▶ Description of the task: Below are some records; output exactly the lines from the line with "4331 W Tradewinds" to the line with "Grille NISSAN MICRA", both ends kept, and nothing more.

▶ Source records:
==*==

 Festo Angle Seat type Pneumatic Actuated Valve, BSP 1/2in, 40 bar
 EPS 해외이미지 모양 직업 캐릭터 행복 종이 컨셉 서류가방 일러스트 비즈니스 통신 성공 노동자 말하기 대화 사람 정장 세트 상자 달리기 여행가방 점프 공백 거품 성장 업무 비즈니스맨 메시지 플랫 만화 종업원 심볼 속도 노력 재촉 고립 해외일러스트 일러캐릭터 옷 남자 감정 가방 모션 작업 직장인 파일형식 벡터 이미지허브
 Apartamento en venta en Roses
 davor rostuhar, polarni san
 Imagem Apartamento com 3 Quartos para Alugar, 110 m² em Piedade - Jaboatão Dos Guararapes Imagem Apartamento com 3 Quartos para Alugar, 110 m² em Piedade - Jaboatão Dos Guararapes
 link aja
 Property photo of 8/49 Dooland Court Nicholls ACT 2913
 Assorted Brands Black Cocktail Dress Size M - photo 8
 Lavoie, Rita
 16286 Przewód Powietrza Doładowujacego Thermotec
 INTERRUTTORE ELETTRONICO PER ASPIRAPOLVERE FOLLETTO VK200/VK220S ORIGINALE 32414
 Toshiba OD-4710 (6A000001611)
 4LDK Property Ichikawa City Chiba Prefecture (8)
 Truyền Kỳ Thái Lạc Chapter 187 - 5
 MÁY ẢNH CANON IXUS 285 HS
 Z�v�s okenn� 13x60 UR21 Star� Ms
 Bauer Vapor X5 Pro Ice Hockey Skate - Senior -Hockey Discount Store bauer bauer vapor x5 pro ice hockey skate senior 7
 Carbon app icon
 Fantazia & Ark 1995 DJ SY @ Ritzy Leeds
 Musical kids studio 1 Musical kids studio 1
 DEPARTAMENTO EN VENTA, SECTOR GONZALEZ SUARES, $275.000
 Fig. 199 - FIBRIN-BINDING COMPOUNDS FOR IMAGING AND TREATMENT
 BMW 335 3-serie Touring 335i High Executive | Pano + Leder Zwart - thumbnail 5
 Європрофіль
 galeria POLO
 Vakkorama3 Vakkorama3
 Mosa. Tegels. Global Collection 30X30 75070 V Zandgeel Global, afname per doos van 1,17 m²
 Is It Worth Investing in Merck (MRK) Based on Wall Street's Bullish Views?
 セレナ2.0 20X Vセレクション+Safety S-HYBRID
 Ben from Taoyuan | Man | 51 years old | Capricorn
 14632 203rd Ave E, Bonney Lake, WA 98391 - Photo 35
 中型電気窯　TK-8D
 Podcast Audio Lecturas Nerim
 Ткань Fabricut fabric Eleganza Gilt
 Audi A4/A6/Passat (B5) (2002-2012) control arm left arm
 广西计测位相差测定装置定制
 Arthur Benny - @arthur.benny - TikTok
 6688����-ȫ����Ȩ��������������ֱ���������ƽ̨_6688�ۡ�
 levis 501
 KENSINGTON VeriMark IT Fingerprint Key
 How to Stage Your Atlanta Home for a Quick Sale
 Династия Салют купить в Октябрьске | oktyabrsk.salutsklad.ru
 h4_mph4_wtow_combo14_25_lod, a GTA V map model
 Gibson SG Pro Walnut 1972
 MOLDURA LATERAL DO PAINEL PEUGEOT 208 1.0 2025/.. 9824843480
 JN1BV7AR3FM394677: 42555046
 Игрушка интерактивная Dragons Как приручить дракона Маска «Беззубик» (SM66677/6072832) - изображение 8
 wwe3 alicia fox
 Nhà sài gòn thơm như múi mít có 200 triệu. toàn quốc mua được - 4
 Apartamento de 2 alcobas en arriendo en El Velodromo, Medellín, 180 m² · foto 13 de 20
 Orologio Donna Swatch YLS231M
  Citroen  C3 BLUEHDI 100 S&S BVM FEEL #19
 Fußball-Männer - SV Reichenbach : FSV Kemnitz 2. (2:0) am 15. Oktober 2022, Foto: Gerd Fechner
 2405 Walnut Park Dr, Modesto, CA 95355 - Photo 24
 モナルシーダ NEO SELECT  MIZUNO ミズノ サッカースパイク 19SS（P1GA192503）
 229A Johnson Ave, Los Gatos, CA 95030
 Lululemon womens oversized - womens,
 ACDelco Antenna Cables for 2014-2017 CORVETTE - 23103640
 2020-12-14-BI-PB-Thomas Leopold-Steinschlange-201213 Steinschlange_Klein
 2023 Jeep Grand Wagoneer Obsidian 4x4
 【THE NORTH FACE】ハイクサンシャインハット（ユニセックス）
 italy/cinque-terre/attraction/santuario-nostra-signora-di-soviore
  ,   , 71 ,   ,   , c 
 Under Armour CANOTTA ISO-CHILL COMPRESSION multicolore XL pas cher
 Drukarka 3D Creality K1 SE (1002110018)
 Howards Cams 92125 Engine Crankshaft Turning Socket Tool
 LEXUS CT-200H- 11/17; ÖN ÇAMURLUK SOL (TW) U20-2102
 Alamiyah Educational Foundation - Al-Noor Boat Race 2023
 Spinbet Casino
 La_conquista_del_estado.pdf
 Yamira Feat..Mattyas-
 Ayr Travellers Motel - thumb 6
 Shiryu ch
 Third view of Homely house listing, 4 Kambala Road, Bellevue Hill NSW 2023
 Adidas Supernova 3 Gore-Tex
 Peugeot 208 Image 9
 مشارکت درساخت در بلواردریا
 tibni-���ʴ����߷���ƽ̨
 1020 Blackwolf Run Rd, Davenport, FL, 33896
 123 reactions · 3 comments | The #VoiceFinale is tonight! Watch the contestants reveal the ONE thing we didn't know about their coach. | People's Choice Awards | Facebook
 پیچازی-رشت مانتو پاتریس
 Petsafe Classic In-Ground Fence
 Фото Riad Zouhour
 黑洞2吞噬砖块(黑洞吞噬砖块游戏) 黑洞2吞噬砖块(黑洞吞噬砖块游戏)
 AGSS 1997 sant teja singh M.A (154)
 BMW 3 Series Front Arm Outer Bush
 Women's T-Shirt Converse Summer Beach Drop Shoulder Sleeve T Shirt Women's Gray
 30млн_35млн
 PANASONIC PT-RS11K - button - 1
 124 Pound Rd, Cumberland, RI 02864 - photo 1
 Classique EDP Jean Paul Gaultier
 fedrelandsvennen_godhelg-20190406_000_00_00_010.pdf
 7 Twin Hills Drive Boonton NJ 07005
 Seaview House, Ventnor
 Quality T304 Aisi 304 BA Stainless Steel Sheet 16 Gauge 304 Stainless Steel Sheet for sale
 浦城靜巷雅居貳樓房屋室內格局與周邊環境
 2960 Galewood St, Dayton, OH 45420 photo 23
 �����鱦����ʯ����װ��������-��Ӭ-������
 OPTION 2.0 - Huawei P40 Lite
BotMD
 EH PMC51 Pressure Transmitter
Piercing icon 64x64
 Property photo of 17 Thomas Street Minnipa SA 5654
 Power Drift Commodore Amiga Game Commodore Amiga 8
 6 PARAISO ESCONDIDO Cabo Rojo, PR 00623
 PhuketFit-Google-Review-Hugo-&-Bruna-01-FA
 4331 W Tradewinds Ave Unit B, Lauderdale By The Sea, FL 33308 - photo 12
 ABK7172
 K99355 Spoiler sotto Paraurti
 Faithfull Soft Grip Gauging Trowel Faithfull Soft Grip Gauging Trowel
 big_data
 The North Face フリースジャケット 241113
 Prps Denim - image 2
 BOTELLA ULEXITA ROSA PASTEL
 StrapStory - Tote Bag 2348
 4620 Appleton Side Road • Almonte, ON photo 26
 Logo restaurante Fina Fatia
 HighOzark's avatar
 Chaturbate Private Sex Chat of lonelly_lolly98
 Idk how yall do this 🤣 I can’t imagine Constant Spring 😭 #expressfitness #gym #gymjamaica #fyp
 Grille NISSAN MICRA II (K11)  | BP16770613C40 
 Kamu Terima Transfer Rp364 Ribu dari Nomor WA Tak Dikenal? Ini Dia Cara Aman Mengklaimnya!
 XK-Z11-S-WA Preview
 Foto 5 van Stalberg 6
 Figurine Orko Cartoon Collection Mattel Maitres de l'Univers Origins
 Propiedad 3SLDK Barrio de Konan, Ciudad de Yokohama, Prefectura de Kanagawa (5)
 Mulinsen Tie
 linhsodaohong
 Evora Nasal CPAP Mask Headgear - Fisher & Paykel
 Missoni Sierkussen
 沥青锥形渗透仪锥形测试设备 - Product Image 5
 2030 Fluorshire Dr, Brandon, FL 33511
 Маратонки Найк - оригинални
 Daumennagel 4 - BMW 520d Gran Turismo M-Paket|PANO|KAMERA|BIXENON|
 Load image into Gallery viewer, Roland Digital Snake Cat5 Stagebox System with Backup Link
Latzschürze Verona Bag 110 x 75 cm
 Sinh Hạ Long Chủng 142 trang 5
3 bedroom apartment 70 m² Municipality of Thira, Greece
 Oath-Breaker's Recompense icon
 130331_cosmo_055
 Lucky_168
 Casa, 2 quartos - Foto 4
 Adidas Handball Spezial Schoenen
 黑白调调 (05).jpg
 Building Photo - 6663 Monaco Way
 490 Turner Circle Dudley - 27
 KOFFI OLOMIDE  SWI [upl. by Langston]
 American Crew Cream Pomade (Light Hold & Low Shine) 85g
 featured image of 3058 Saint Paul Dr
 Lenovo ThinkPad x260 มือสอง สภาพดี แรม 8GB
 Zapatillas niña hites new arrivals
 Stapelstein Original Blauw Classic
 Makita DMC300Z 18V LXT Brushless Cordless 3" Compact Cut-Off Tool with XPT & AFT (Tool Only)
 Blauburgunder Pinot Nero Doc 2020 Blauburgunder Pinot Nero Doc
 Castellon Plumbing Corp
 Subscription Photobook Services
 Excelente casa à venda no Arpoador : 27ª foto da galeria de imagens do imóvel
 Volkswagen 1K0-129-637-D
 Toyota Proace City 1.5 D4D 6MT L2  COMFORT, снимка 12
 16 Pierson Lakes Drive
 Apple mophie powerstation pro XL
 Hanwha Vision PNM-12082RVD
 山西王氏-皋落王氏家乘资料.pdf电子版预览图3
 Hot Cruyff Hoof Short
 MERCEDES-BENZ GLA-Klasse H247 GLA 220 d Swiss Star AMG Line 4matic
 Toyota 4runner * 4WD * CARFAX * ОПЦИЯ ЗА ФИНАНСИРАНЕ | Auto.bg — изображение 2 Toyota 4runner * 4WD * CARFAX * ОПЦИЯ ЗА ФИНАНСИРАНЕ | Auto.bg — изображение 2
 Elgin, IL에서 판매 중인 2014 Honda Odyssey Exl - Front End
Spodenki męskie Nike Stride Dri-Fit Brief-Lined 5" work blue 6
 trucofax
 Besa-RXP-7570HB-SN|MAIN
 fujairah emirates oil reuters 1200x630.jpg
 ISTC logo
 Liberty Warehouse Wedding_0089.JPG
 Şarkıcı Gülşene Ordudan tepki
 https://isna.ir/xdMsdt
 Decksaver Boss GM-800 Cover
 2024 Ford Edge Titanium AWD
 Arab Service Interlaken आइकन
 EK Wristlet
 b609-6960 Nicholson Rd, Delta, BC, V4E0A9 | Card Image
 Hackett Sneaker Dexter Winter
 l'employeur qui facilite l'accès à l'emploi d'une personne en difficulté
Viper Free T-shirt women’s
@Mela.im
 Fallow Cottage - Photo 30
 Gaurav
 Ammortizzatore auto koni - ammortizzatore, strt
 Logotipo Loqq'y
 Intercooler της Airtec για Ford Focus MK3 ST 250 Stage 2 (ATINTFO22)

==*==

▶ The answer:
 4331 W Tradewinds Ave Unit B, Lauderdale By The Sea, FL 33308 - photo 12
 ABK7172
 K99355 Spoiler sotto Paraurti
 Faithfull Soft Grip Gauging Trowel Faithfull Soft Grip Gauging Trowel
 big_data
 The North Face フリースジャケット 241113
 Prps Denim - image 2
 BOTELLA ULEXITA ROSA PASTEL
 StrapStory - Tote Bag 2348
 4620 Appleton Side Road • Almonte, ON photo 26
 Logo restaurante Fina Fatia
 HighOzark's avatar
 Chaturbate Private Sex Chat of lonelly_lolly98
 Idk how yall do this 🤣 I can’t imagine Constant Spring 😭 #expressfitness #gym #gymjamaica #fyp
 Grille NISSAN MICRA II (K11)  | BP16770613C40 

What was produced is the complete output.